(Exercise description) Whenever a picture appears in the data, skip it and write out all other material exactly.

(Provided material)
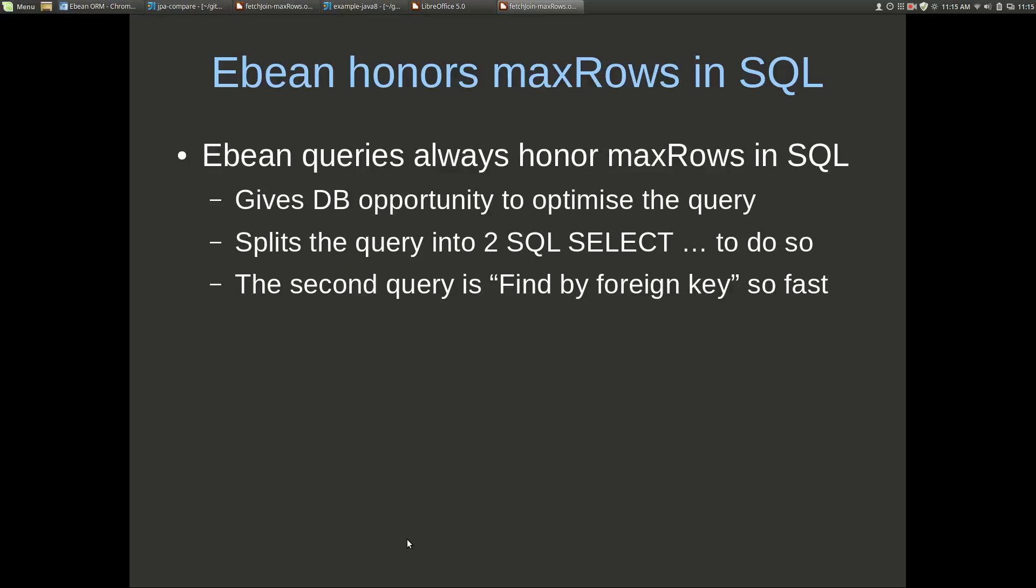However once we add maxRows there is quite a difference. eBean honors maxRows in SQL. What that means is it's important from an eBean perspective that we give the database the opportunity to optimize the query. We're giving the database the first rows maxRows paging type information to optimize that query itself. To do so eBean needs to split the query into two SQL select statements. We should also note that the second query is effectively a find by foreign key so it's pretty fast because the foreign keys will pretty much always have indexes on them.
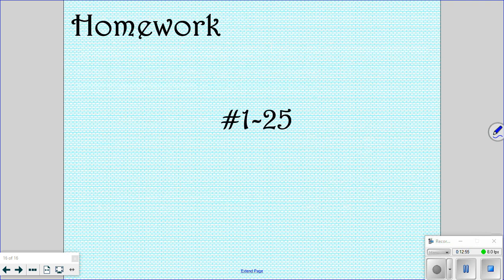Your homework tonight is problems 1 through 25, so make sure to do those tonight so you can go over any questions you have tomorrow.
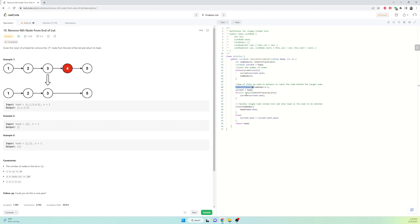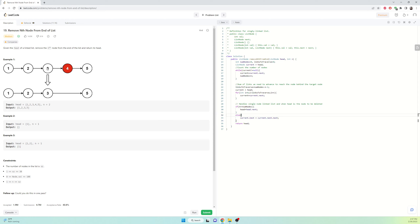We found the number of links to traverse. We start at head and move forward that many times, arriving at node 3. At node 3, we delete the target by taking the arrow mark and plugging it into the next-next node. current.next, which referred to node 4, is now set equal to node 5 — so node 3 points directly to 5, skipping node 4.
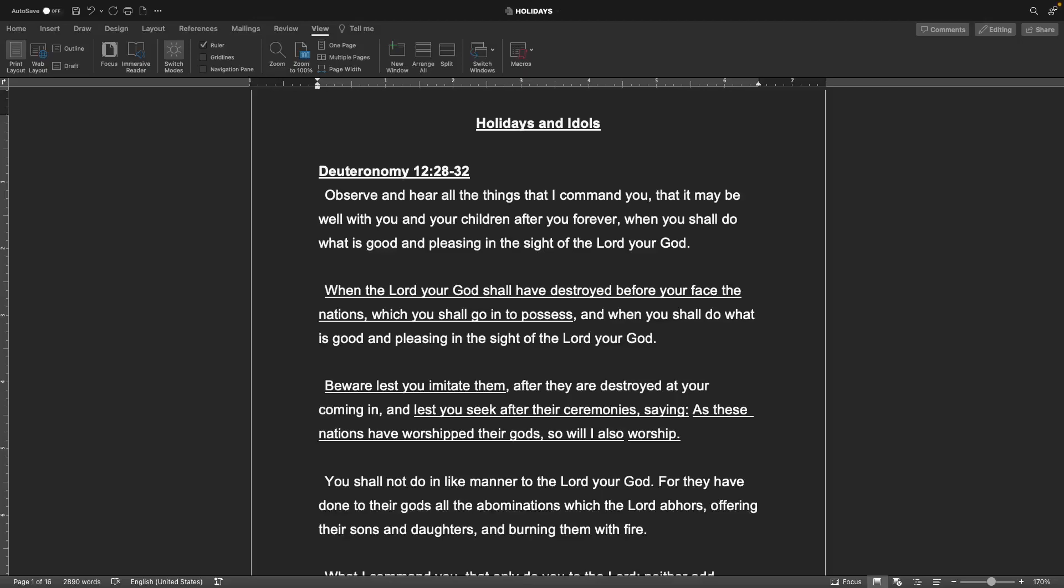Welcome back to the Gospel Teachings of R.I.K. This is Jacob, and today we're going to be talking about holidays and idols. Starting with Deuteronomy chapter 12, verses 28-32.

(Result)
However once we add maxRows there is quite a difference. eBean honors maxRows in SQL. What that means is it's important from an eBean perspective that we give the database the opportunity to optimize the query. We're giving the database the first rows maxRows paging type information to optimize that query itself. To do so eBean needs to split the query into two SQL select statements. We should also note that the second query is effectively a find by foreign key so it's pretty fast because the foreign keys will pretty much always have indexes on them.
Your homework tonight is problems 1 through 25, so make sure to do those tonight so you can go over any questions you have tomorrow.
We found the number of links to traverse. We start at head and move forward that many times, arriving at node 3. At node 3, we delete the target by taking the arrow mark and plugging it into the next-next node. current.next, which referred to node 4, is now set equal to node 5 — so node 3 points directly to 5, skipping node 4.
Welcome back to the Gospel Teachings of R.I.K. This is Jacob, and today we're going to be talking about holidays and idols. Starting with Deuteronomy chapter 12, verses 28-32.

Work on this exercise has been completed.